If it's a question of keeping things from elderly parents, perhaps it might be an idea to tell them that you're having a routine procedure for something essentially harmless. Depends how sharp-witted the elderly parents are, of course!
All the best to smurf44 with her lymphoma treatment and am glad that the outlook is good!flowers

Thirdinline Fri 12-Oct-18 14:15:54

My Mum got cancer in her 50s and decided not to tell her parents. I think I understand why - her Mum was a worrier and her Dad had no empathy. It was massive shock to them when she died though. Of course, my Grandmother had been worrying anyway, because she'd noticed the physical symptoms. It's a difficult decision, but one each person has to make according to their individual circumstances.

stevej4491 Fri 12-Oct-18 15:06:49

I tell my family everything. I had all this with my mother,living away from her they always ,would hang on till the last minute and then ring to say something was wrong.It takes time to arrange time off from your jobs,and sort out the children,but they seemed not to take this into account. In the end I had a blazing row and the penny seemed to drop after all this.So YES tell your family everything.

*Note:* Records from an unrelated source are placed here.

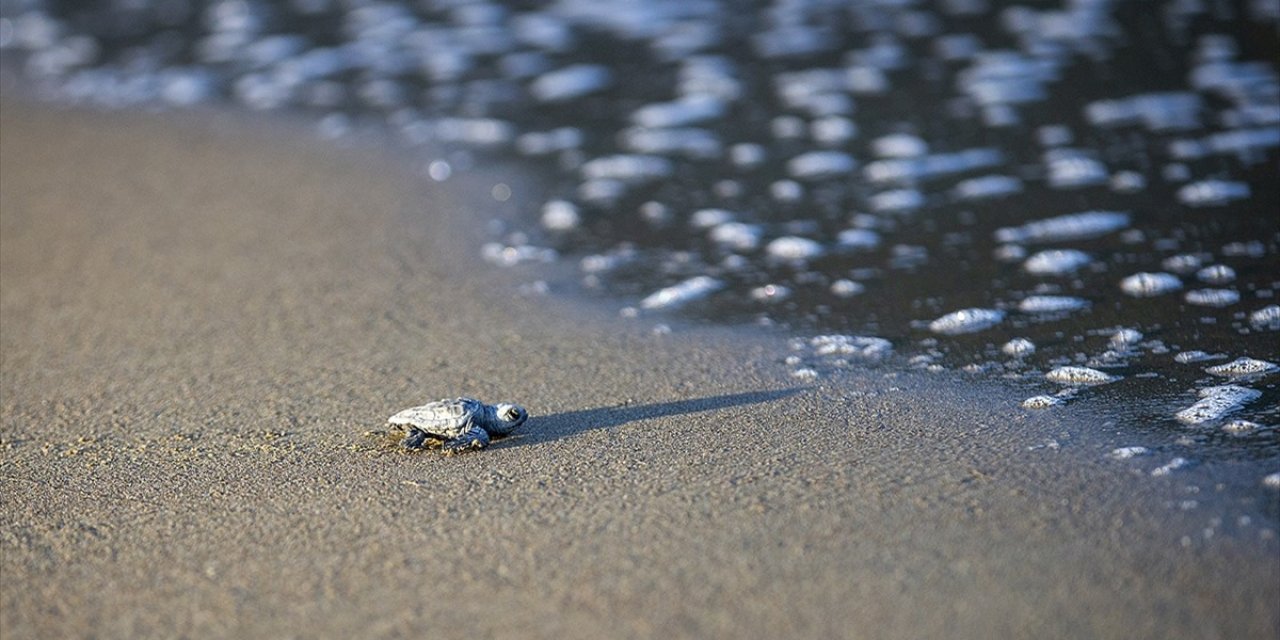 Korunan alanlarda 199 bin yavru kaplumbağa denize ulaştı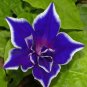 Blue Picotee Morning Glory - 20 Seeds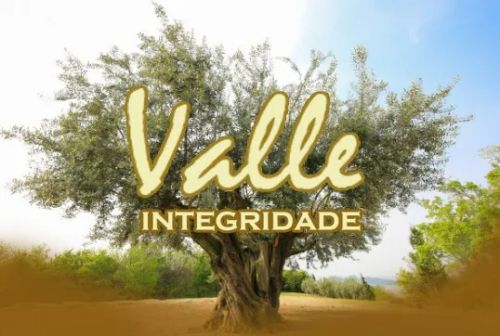 Vendedor Externo - Integridade Valle
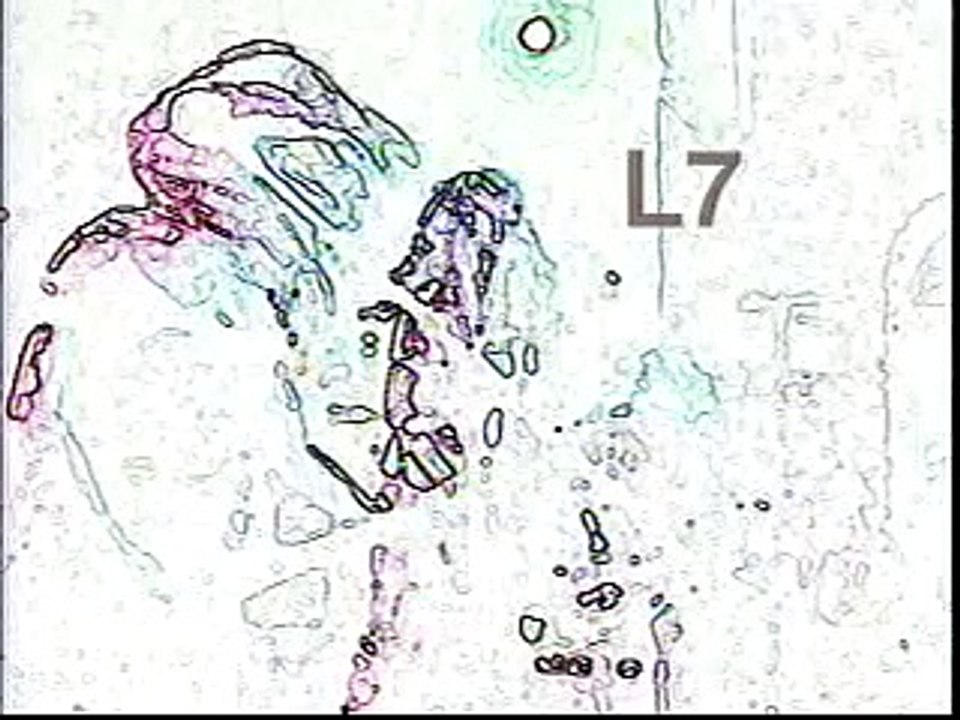 L7 - "Death Wish"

Edithb Fri 12-Oct-18 15:39:43

We didn’t tell our family when my husband went to A and E in the middle of the night with chest pains. I knew it was not his heart, so felt there was no need, he told them the next day and we were in trouble, but he is a hypochondriac! I am the opposite and when I have a worry I hesitate now to even tell my husband as I have asked him in the past not to say anything when I was only having a test, but he broke my confidence so I can’t trust him. He also told his friends when our daughter-in-law was pregnant and they had only told parents. It was before the twelve weeks, so his friends knew before our close family. That’s awful isn’t it.

Fennel Fri 12-Oct-18 15:47:30

"It takes time to arrange time off from your jobs,and sort out the children,but they seemed not to take this into account."
That's a point to keep in mind, steve.